In: Finance
The Zara Company has one million ordinary shares outstanding, which currently trade at a price of $50. The company believes that its shareholders require a 15% return on their investment. The company also has a $47.1 million (face value) in five-year, fixed rate bonds with a coupon rate of 8% and a yield to maturity of 7%. Because the yield on these bonds is less than the coupon rate, they trade at a premium. Tax rate applicable on the company is 30%. Lastly, the company has 200,000 outstanding preferred shares, which pay an $8 annual dividend and currently sell for $80 per share.
1) What is the market value of the ordinary shares?
2) What is the cost of ordinary shares?
3) What is the after tax cost of debt?
4) What is the current market value of the bond? (Round your answer to whole number.)
5) What is the current market value of preference shares?
6) What is the cost of preference shares?
7) What is the Weighted Average Cost of Capital?
8) Explain Ordinary Shares and its characteristics.
9) Explain its any two advantages and disadvantages to the company.
1. Market value of ordinary shares=Outstanding shares*Share price=1 million*$50=$50 million
2. Cost of ordinary shares=shareholder's required rate of return=15%
3. After tax cost of debt=yield to maturity*(1-tax rate)=7%*(1-30%)=4.9%
4. Current market value of the debt needs to found using PV function in EXCEL
=PV(rate,nper,pmt,fv,type)
rate=7%
nper=maturity time=5
pmt=coupon payment=coupon rate*face value=(8%*$47.1 million)=$3.768 million
fv=face value=$47.1 million
=PV(7%,5,3.768,47.1,0)=$49.03 million
Market value of the debt=$49.03 million
5. Current market value of preferred shares=Outstanding shares*price=200,000*80=$16 million
6. Cost of preferrence shares=annual dividend/Share price=$8/$80=10%
7. WACC=(Weight of ordinary shares*cost of ordinary shares)+(weight of debt*after tax cost of debt)+(weight of preferrence shares*cost of preferrence shares)

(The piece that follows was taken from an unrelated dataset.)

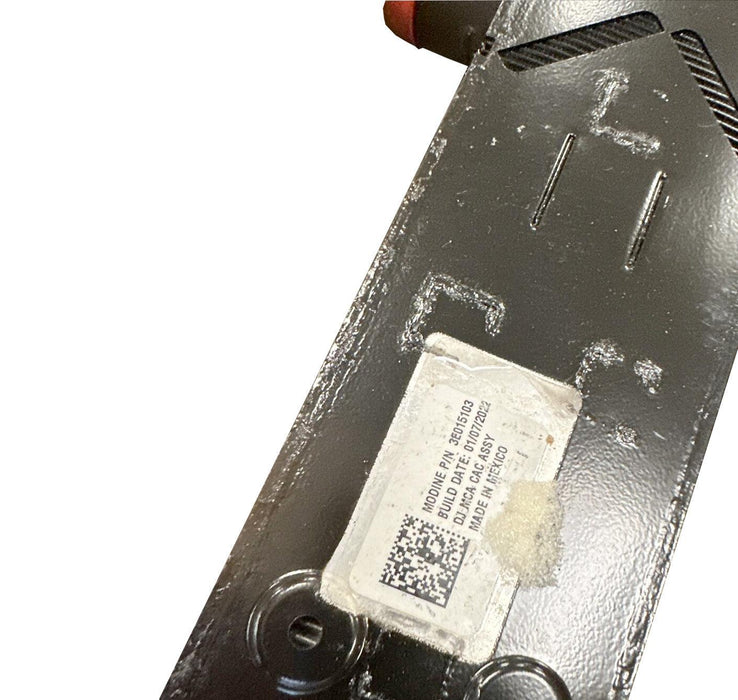 68322664AA Genuine Mopar Charge Air Intercooler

Total value=Market value of ordinary shares+Market value of debt+market value of preferred shares=$50+$49.03+$16=$115.03 million
Weight of ordinary shares=$50/$115.03=43.47%
Weight of debt=$49.03/$115.03=42.62%
Weight of preferrence shares=$16/$115.03=13.91%
WACC=(43.47%*15%)+(42.62%*4.9%)+(13.91%*10%)=10.0%
8. Ordinary shares are the portion that the investors can buy a stake in the company. The characterstics are these will give the voting rights for the ordinary shareholdr's, will recieve the dividends from the company, can claim on the company's assets in the case of liquidation, these instruments does not have any maturity date.
9. the major disadvantages of ordinary shares are they are highly suspectible for the operational risk of the company. Any issues regarding the profits could eat way their dividends. Another thing is shareholders can claim the assets of the company only after the debt, preferred stocck holders were paid.